Parladé ha dicho alguna vez que ya se siente más sudanés que español y que en los 52 años viviendo conflictos entre etnias, hambrunas y muerte no ha sentido miedo. Si se le insiste, reconoce apenas dos momentos de terror en su vida, no tanto a morir, sino a la impotencia. La primera fue en los años 80, cuando lo encarcelaron en los años 80 sin que supiese por qué y sin la certeza de que le mantendrían con vida. La segunda ha sido ahora. “Esto que ha pasado ahora sí es algo que me ha tocado. Estaban todos los cañones [apuntando], todos los muros temblaban. Las veces que he pasado un poco de miedo ha sido cuando me he dado cuenta de que no podía hacer nada para defenderme. Estaba eliminado”, describe.
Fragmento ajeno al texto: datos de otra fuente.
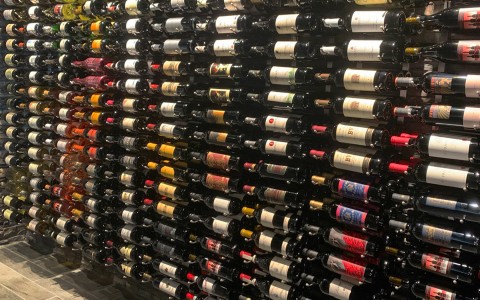 wall of a large wine cellar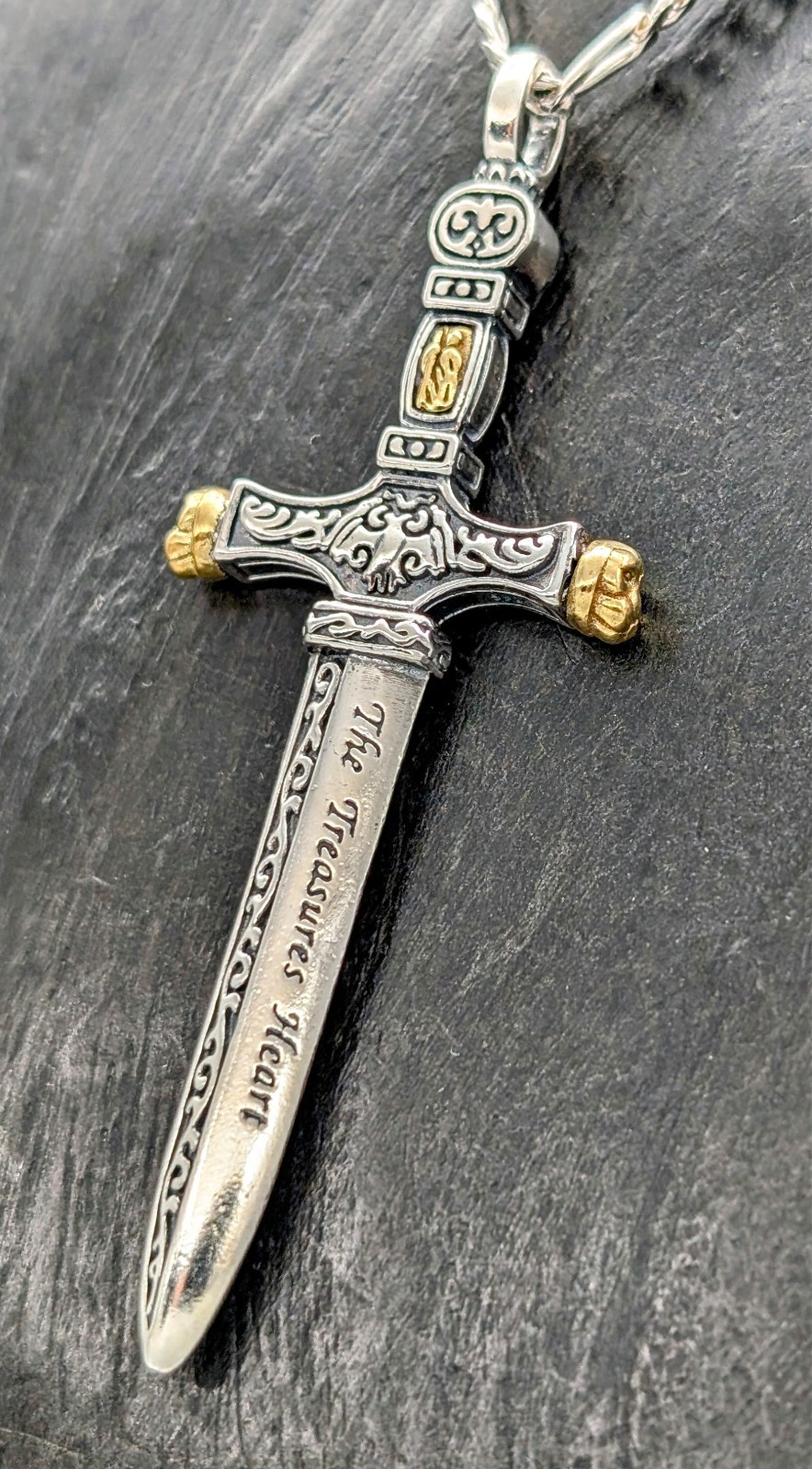 Anhänger Ritter Schwert Kreuz 925 Sterling Silber - 16 g - Unisex Silver #301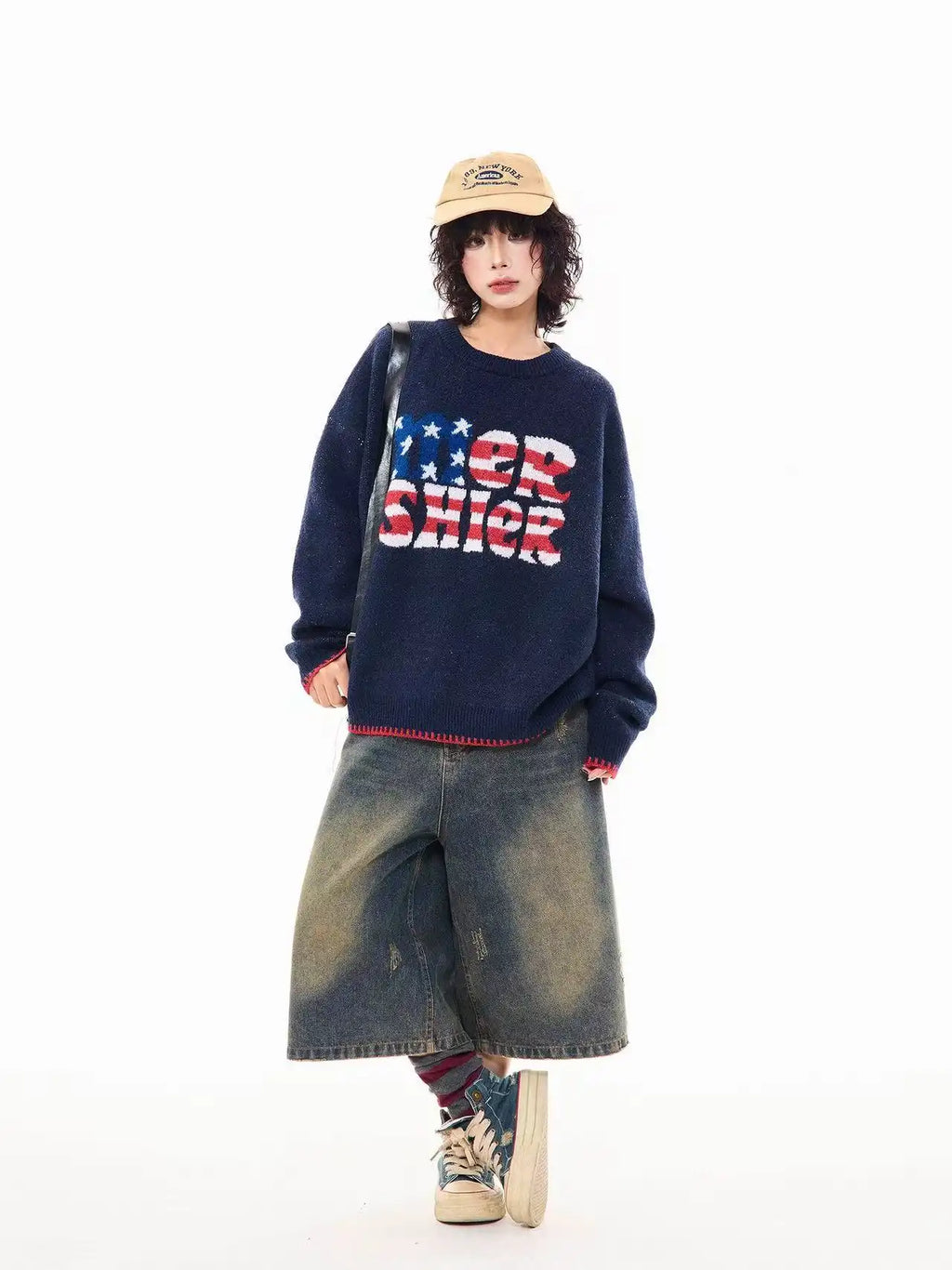 Vintage Letter Knit Relaxed Sweater   OL2062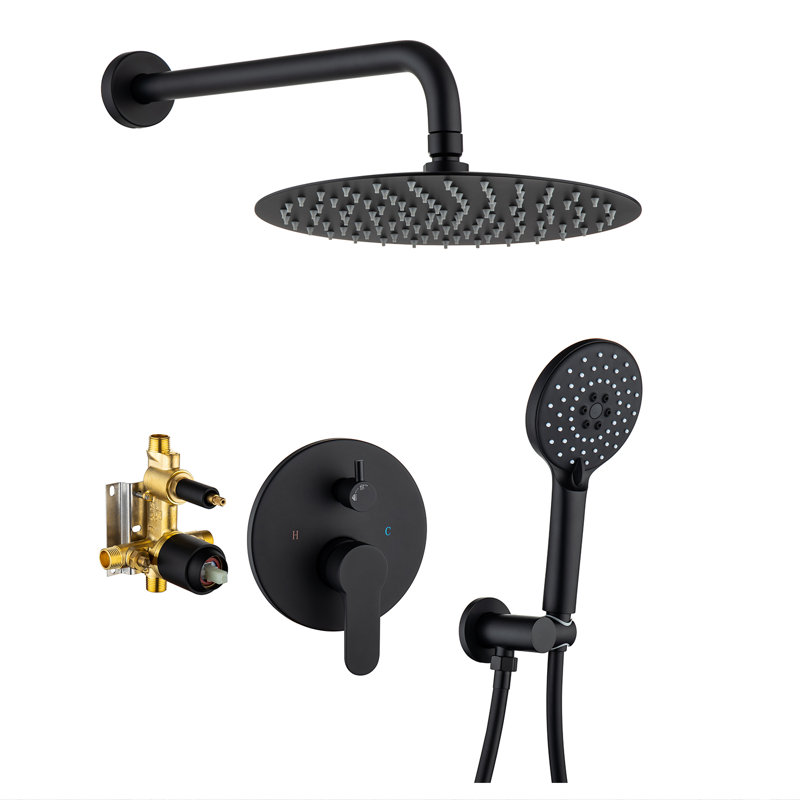 Robinet de douche à pression équilibrée avec valve brute Rainlex Rainlex, Noir mat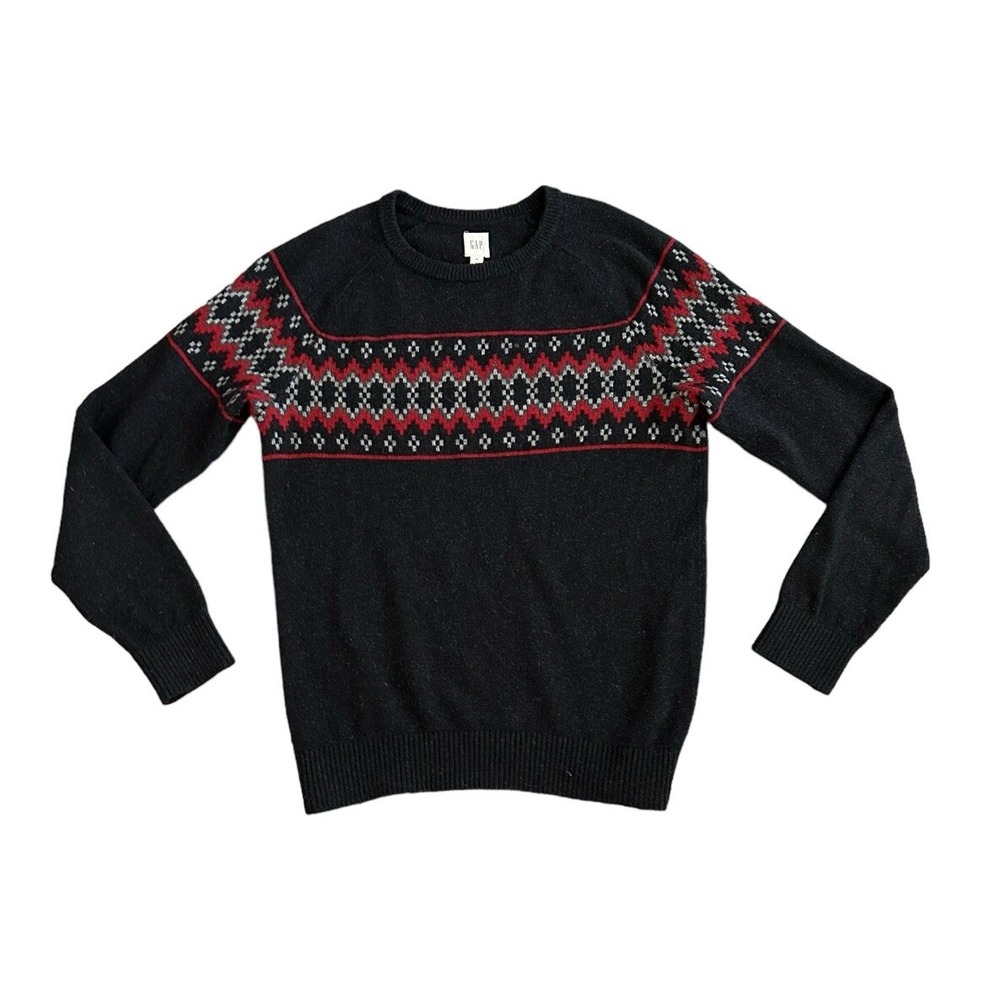 Gap Men's Sweater Fair Isle Knit Crew Black Red Medium Merino Wool Nordic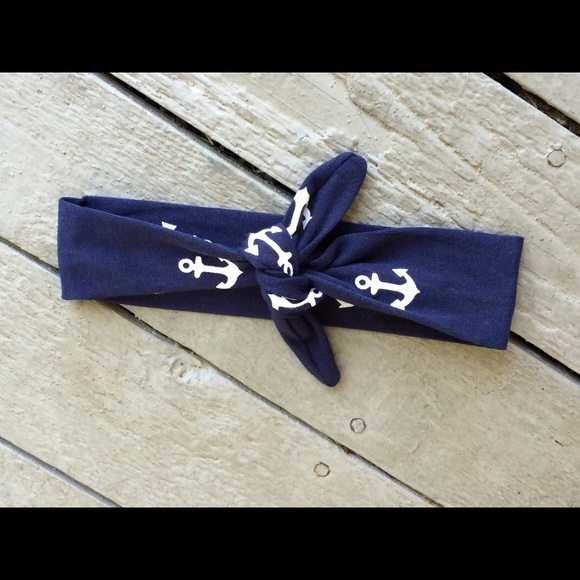 Girls Blue and White Anchor Headband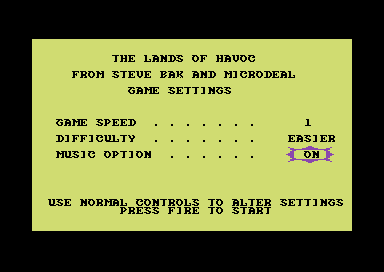 The Lands of Havoc (Commodore 64) screenshot: Title screen.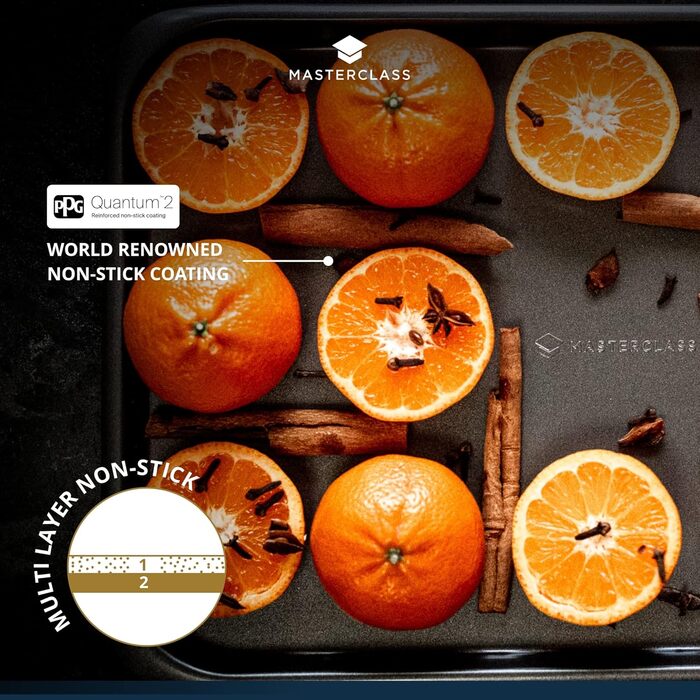 Форма для випікання хліба MasterClass 900г з антипригарним покриттям PTFE, PFOA та BPA-free, з вуглецевої сталі 1 мм, 23x13 см, з захисним чохлом, сіра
Al sacerdote no le gustan las despedidas. Se emociona. Se siente ridículo si llora. Lleva su regla hasta el final. Cuando se marchó de la comunidad en la que había vivido en Sudán del Sur porque ya estaba mayor, cuando se planteó dejarlo todo para siempre y volver a España a dedicarse “a ser viejo”, se marchó casi a escondidas. Sin decir adiós a nadie. Cuenta que aún se lo reprochan, pero esta vez tampoco se ha despedido. Y es entonces cuando los ojos vidriosos y enrojecidos del cansancio dejan escapar las primeras lágrimas.
Pero el misionero, recuerda, está de vacaciones y volverá.